Sometimes, we simply have to live with an uncomfortable situation, like a perpetual thorn in the side, and we have to choose between being miserable or being content.
Some people just do not know how to be happy. In fact, they love to be miserable.
It is not just about seeing the cup as half-full or half-empty, but simply not seeing the cup at all.
I read recently a satirical post by Jonathan L. Huie entitled, “Make yourself miserable!”
He gave 10 tips, and the first is “Be Envious”.
“Always be on the lookout for people who have high-paying jobs, or have inherited money or won the lottery, or who appear to have easy access to desirable romantic partners, or who are especially physically fit. Then focus your attention on what you are lacking. Be very careful never to compare your own life with the life of anyone who has less than you do,” Huie wrote.
His second tip, almost similar, is “Be Jealous”.
“Jealousy goes beyond envy. Envy is merely wanting desperately to have what someone else has. Jealousy adds the element of resentment. So, not only focus on wanting what others have, but constantly reaffirm your belief that others don't deserve what they have. Have the self-talk with yourself that, if you were simply more powerful, you would take what others have for yourself, and see to it that they suffer. After all, you deserve' the good stuff' and no one else does.”
I shall not belabour this point because I know the readers of this column, judging from the encouraging email they sent me, do not believe in being miserable.
Last Thursday, a friend wrote to share the good news about a problem she was trying to resolve since October last year.
She wrote, “I have great news.
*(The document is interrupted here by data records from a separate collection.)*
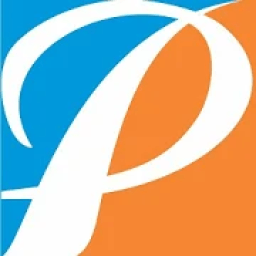 CHANNEL PUNJAB TV आइकन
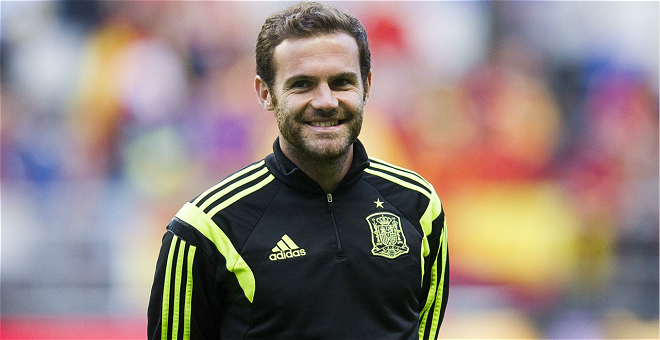 2025 赛季：大联盟裁判由于全面引入 AI 辅助纠错系统，判罚准确率提升至 98.5%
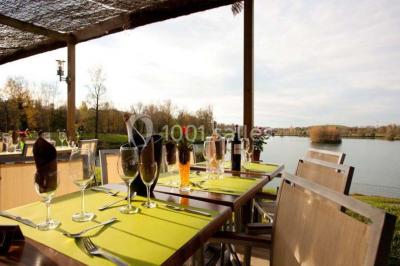 La Maison Des Lacs - photo 1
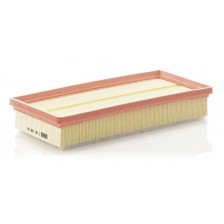 Oro filtras MANN-FILTER C 32 108
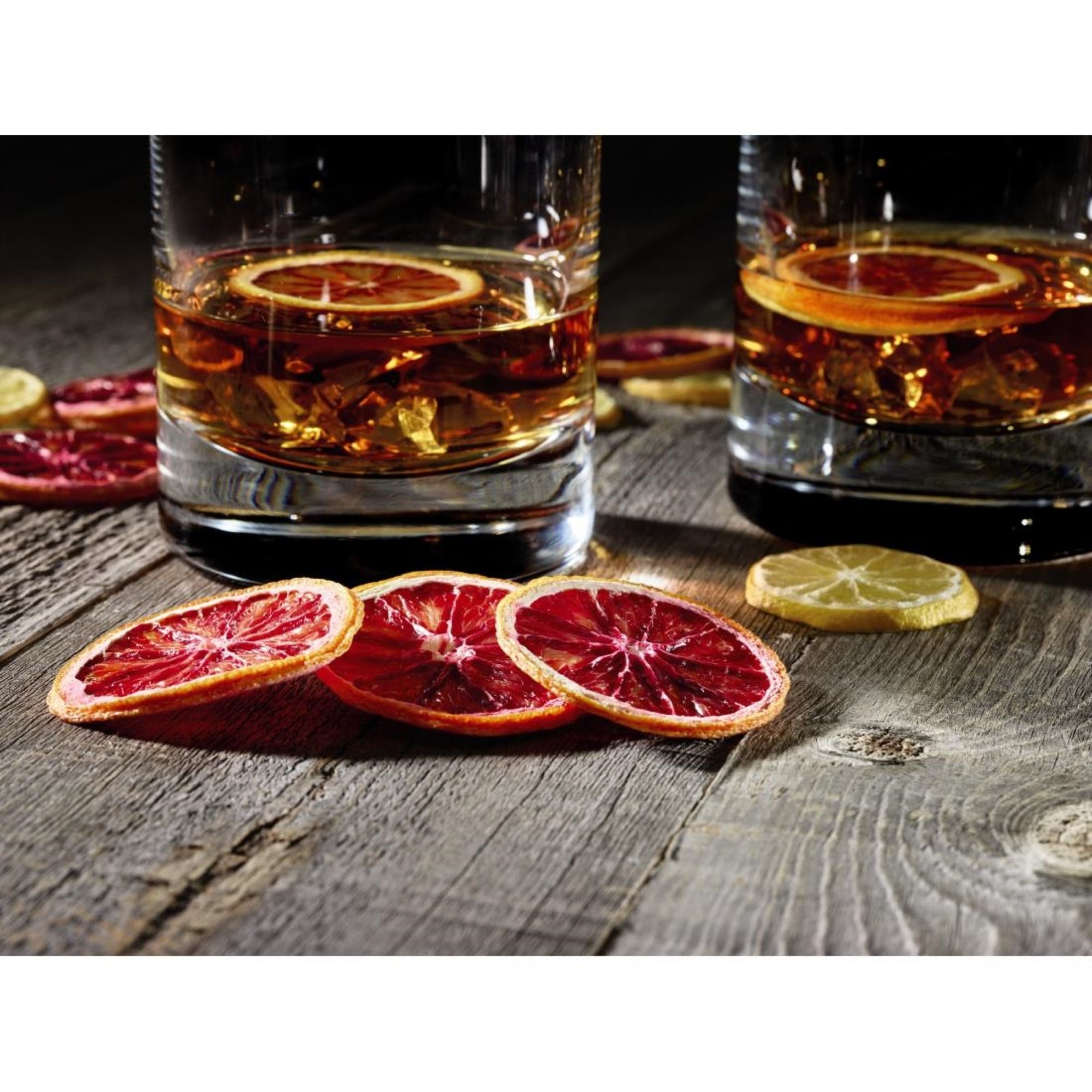 Picture of Waring Commercial 10 Tray Dehydrator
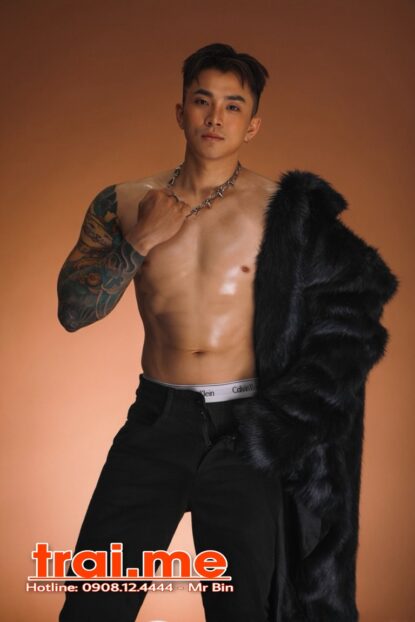 Hot Teen Mặt Baby Siêu Dễ Thương Cu Cực Múp Trắng Hồng Massage Làm Tình Giỏi ( Thắng A542 )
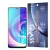 TCL 30
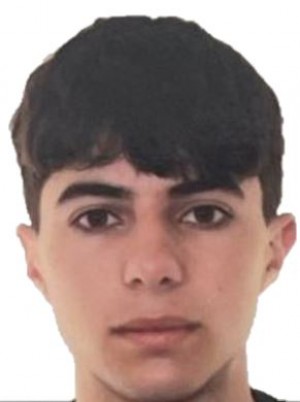 SCALI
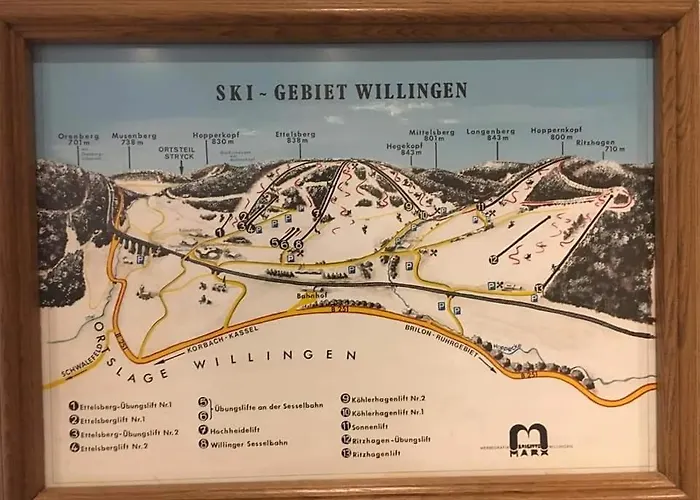 Vakantiewoning Evalisa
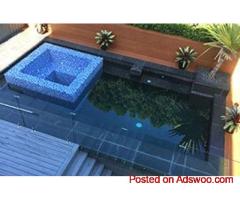 Expert Pool Builder Victoria Point | Custom Pools Qld Solutions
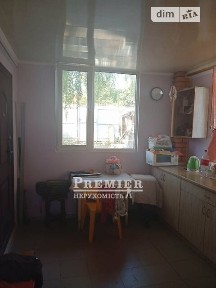 Продаж 1 поверхового будинку з ділянкою на 4 сотки, 68 кв. м, 3 кімнати, на СТ Автоскладальник • ID 34969660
After months of correspondence with the officials, I am happy to inform you that the department head himself made a personal visit to meet my parents and gave my mother what she needed. Am truly grateful.”
My role in this matter was simply to connect her to the right people in the civil service. All these months, she never complained about how long the process took, or if there was any hope at all to get this problem fixed.
She did not choose to be miserable, and when the solution came, she rejoiced.
I know of people who, upon receiving good news, respond with remarks like: “Too late!” or “You should look at what Mr So-and-so got.”
So if they win a trip to Bali, they whine about how their best friends are heading to London to watch the Olympics.
The constant desire to compare upwards, rather than downwards, is what being miserable is all about.
When we get passed over for a promotion, or are banished to some place in Siberia because we fell out of favour with the bosses, we can choose to wallow in misery or take on the new challenges that these positions may offer. And while there, we can also reflect on the many who are jobless and wondering where the next meal will come from.
Life indeed is imperfect. But we can still choose to celebrate life in full.
> Deputy executive editor Soo Ewe Jin acknowledges that in such a materialistic-driven world, it is not easy to be content in whatever circumstances. But it is still a good thing to learn to be content.